Posted on Wednesday, October 20th, 2010 by Adam Quigley
Looks like the Australian trade union MEAA (Media, Entertainment & Arts Alliance) lost this game of chicken. After garnering support from SAG (Screen Actors Guild) and AFTRA (American Federation of Television and Radio Artists) in ordering their members to not take jobs on The Hobbit unless director Peter Jackson and co. drew up a new contract “providing minimum guarantees on wages and working conditions, residual payments, and cancellation payments to actors engaged on the production,” Jackson issued his own response declaring their move “a grab for power”. Then came the clincher: “Because the ‘demands’ of MEAA cannot be agreed to, or even considered – by law – and therefore the only options that remain involve closing the Hobbit down, or more likely shifting the production to Europe.” More troubling, Jackson seemed to be making good on his promise when it was announced that production would be moved to Eastern Europe.
It isn’t clear what’s transpired since then, but good news: SAG and AFTRA have dropped the boycott.
Deadline reports the news, saying there’s no longer a need for The Hobbit to move production outside of New Zealand.
This is a relief, as one of the greatest strengths of the Lord of the Rings films was the gorgeous New Zealand landscapes used to represent Middle-earth. Who knows the degree to which the look of The Hobbit might’ve been compromised had it been forced to shoot elsewhere. No official statement has been made revoking the announced plans to move production to Eastern Europe, but who knows if that was more than a threat to begin with, as pre-production didn’t seem to be halted by the change. Fingers crossed: Peter Jackson will likely film in New Zealand as originally intended.
With the labor issues resolved, the films can finally move ahead as planned, meaning we can expect to see The Hobbit in front of cameras by February of 2011. Hooray for that.
Martin Freeman is starring as Bilbo Baggins, and Jimmy Nesbitt, Michael Fassbender, and David Tennant are also up for roles. And if all goes as expected, Ian McKellan and Andy Serkis will be reprising their roles as Gandalf and Gollum, respectively. The films are planned for release December 2012 and 2013.
Here’s the statement issued by SAG:
Statement Regarding the Feature Film Production The Hobbit
Los Angeles (October 20, 2010) – Screen Actors Guild today released the following statement regarding the feature film production The Hobbit:
“Today, our sister union New Zealand Actors Equity issued a statement recommending all international performer unions rescind their member advisories on the feature film production The Hobbit. In light of this recommendation, Screen Actors Guild will be alerting its members that they are now free to accept engagements, under Screen Actors Guild contract terms and conditions, on The Hobbit.”
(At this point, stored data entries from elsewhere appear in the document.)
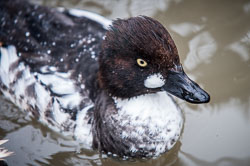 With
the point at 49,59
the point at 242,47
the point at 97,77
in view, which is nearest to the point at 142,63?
the point at 97,77

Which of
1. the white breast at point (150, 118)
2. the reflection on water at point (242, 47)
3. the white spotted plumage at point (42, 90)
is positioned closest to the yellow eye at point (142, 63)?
the white breast at point (150, 118)

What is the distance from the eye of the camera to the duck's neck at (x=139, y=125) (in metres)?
3.23

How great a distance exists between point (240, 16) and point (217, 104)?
1.36 meters

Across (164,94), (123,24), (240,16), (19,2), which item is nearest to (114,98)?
(164,94)

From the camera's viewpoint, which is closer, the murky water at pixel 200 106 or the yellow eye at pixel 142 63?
the yellow eye at pixel 142 63

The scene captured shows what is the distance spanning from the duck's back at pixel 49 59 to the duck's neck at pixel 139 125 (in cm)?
27

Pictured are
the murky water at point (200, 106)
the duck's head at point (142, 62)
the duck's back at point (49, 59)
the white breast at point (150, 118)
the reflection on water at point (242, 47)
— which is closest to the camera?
the duck's head at point (142, 62)

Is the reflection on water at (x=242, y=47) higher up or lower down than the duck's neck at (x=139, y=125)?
higher up

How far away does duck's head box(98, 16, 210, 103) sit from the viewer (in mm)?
2791

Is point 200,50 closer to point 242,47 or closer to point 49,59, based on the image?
point 242,47

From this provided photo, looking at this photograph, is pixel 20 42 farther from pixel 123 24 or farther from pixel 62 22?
pixel 123 24

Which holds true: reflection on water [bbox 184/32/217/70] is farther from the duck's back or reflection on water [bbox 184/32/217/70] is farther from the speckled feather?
the duck's back

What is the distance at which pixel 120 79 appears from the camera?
3.06 meters

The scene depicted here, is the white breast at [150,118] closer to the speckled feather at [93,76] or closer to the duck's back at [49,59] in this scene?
the speckled feather at [93,76] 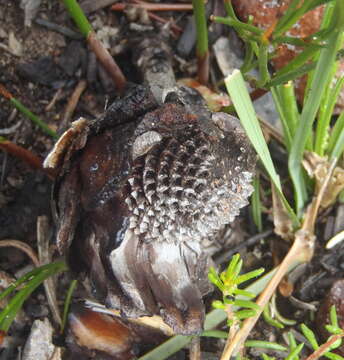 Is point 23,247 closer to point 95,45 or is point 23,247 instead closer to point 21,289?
point 21,289

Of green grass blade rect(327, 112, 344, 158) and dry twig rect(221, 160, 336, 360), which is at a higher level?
green grass blade rect(327, 112, 344, 158)

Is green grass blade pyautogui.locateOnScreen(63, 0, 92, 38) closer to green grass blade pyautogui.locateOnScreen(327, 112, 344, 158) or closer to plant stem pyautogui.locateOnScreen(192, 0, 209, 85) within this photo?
plant stem pyautogui.locateOnScreen(192, 0, 209, 85)

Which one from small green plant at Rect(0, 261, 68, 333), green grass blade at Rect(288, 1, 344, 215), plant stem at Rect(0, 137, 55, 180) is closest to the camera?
green grass blade at Rect(288, 1, 344, 215)

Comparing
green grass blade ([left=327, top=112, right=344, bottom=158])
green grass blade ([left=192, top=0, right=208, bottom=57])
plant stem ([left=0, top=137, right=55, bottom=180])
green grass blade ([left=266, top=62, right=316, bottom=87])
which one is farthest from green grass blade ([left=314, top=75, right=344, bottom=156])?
plant stem ([left=0, top=137, right=55, bottom=180])

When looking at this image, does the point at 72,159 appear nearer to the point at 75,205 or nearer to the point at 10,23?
the point at 75,205

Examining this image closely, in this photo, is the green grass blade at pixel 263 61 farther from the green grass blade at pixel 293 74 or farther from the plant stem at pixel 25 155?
the plant stem at pixel 25 155

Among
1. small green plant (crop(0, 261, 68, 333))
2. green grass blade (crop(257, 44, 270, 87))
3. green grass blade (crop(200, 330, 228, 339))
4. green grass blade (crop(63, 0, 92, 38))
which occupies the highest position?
green grass blade (crop(63, 0, 92, 38))

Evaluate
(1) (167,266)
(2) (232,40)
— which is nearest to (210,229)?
(1) (167,266)

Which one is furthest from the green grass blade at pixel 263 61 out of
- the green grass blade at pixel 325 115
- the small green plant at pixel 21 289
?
the small green plant at pixel 21 289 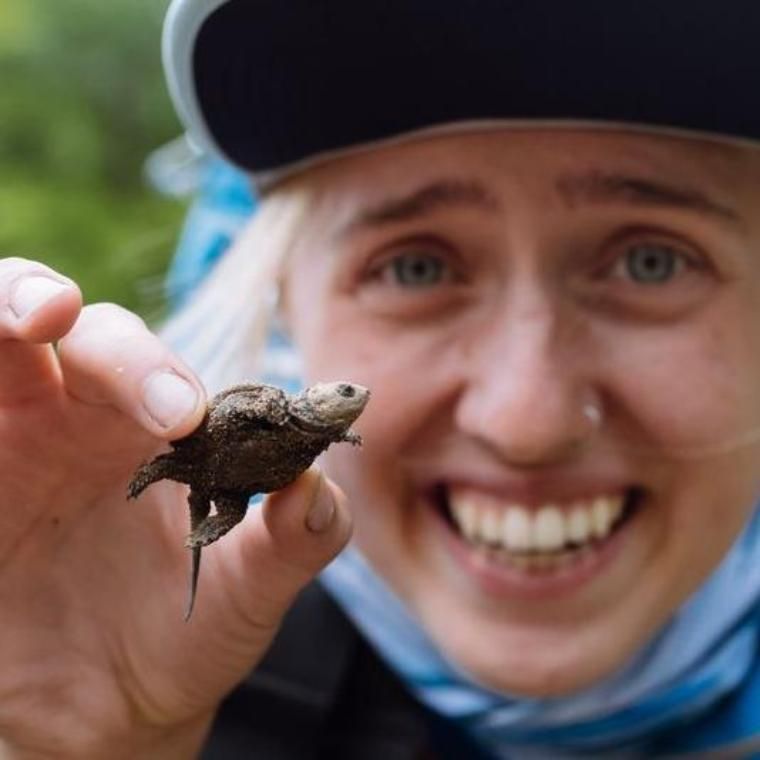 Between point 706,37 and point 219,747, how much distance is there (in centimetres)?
96

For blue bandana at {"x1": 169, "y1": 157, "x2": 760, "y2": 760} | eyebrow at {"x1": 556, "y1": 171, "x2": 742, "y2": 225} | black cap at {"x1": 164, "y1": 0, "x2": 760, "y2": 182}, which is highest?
black cap at {"x1": 164, "y1": 0, "x2": 760, "y2": 182}

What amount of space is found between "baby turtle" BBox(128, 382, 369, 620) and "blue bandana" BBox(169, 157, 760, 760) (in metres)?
0.67

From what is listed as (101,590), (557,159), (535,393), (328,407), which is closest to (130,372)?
(328,407)

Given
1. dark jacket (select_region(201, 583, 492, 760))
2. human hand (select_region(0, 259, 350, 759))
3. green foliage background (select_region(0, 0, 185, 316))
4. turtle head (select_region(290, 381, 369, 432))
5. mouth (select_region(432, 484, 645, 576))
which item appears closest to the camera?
turtle head (select_region(290, 381, 369, 432))

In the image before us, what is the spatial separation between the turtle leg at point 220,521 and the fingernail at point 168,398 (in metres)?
0.07

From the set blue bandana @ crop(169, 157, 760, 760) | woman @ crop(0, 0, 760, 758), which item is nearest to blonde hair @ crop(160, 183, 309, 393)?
woman @ crop(0, 0, 760, 758)

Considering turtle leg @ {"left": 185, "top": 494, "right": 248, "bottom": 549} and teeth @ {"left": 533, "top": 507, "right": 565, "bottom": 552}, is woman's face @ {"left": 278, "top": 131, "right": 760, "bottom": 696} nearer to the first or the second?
teeth @ {"left": 533, "top": 507, "right": 565, "bottom": 552}

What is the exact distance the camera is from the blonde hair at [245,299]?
150 centimetres

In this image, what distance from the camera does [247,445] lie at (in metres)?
0.90

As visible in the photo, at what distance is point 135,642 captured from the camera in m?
1.21

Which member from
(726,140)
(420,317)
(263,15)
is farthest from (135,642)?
(726,140)

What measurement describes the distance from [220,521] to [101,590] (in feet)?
1.18

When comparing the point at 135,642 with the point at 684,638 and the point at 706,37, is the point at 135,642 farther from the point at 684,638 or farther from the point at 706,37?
the point at 706,37

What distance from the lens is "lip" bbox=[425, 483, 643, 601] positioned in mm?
1401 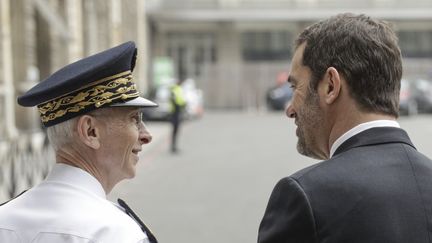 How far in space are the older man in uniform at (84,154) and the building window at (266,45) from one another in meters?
40.9

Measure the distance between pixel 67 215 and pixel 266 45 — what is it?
137ft

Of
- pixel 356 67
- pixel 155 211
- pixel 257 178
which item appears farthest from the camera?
pixel 257 178

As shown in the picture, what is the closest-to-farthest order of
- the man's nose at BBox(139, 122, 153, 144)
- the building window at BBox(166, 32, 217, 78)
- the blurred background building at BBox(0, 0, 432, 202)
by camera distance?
the man's nose at BBox(139, 122, 153, 144), the blurred background building at BBox(0, 0, 432, 202), the building window at BBox(166, 32, 217, 78)

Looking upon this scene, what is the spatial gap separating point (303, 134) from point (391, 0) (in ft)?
136

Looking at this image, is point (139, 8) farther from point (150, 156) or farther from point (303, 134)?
point (303, 134)

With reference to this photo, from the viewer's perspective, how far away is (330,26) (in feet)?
5.59

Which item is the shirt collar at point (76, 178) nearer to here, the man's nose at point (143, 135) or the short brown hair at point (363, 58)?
the man's nose at point (143, 135)

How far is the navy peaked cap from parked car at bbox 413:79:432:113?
27090 mm

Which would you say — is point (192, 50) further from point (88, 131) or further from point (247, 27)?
point (88, 131)

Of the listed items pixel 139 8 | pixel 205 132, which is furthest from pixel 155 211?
pixel 139 8

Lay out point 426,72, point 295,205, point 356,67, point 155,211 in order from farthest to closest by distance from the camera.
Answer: point 426,72 → point 155,211 → point 356,67 → point 295,205

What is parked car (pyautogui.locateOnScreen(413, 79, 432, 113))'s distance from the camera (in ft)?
89.0

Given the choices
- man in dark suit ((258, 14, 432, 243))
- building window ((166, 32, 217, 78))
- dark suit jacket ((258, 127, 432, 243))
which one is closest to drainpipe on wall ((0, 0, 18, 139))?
man in dark suit ((258, 14, 432, 243))

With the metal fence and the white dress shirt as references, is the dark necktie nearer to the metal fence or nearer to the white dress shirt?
the white dress shirt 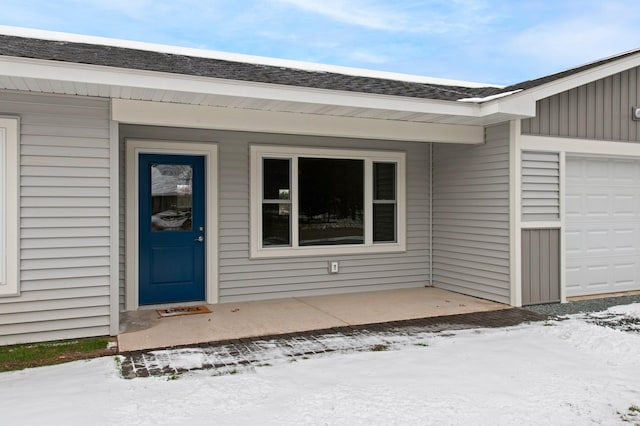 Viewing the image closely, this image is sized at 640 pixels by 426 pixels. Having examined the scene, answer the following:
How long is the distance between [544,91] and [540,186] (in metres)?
1.19

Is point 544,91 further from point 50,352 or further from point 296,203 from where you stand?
point 50,352

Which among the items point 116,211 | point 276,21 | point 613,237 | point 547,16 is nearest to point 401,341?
point 116,211

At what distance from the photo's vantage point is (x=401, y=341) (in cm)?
476

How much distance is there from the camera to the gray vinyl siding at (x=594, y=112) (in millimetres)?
6416

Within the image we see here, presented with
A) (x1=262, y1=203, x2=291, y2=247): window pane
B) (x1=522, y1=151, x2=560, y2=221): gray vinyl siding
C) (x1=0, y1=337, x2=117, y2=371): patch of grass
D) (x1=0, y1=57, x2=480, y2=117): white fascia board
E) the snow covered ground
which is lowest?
the snow covered ground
And here’s the statement issued by AFTRA:
IMPORTANT NOTICE TO AFTRA MEMBERS
AFTRA Members May Now Accept Work on The Hobbit
NZ Actors Equity today recommended that the international performer unions of FIA withdraw their respective member advisories prohibiting members from accepting employment on the theatrical motion picture The Hobbit.
In light of this advisory and the recommendation from NZ Actors Equity, AFTRA hereby notifies all members that they may now accept employment on The Hobbit, under Screen Actors Guild contract terms and conditions.
We thank you for your show of solidarity with our international brothers and sisters.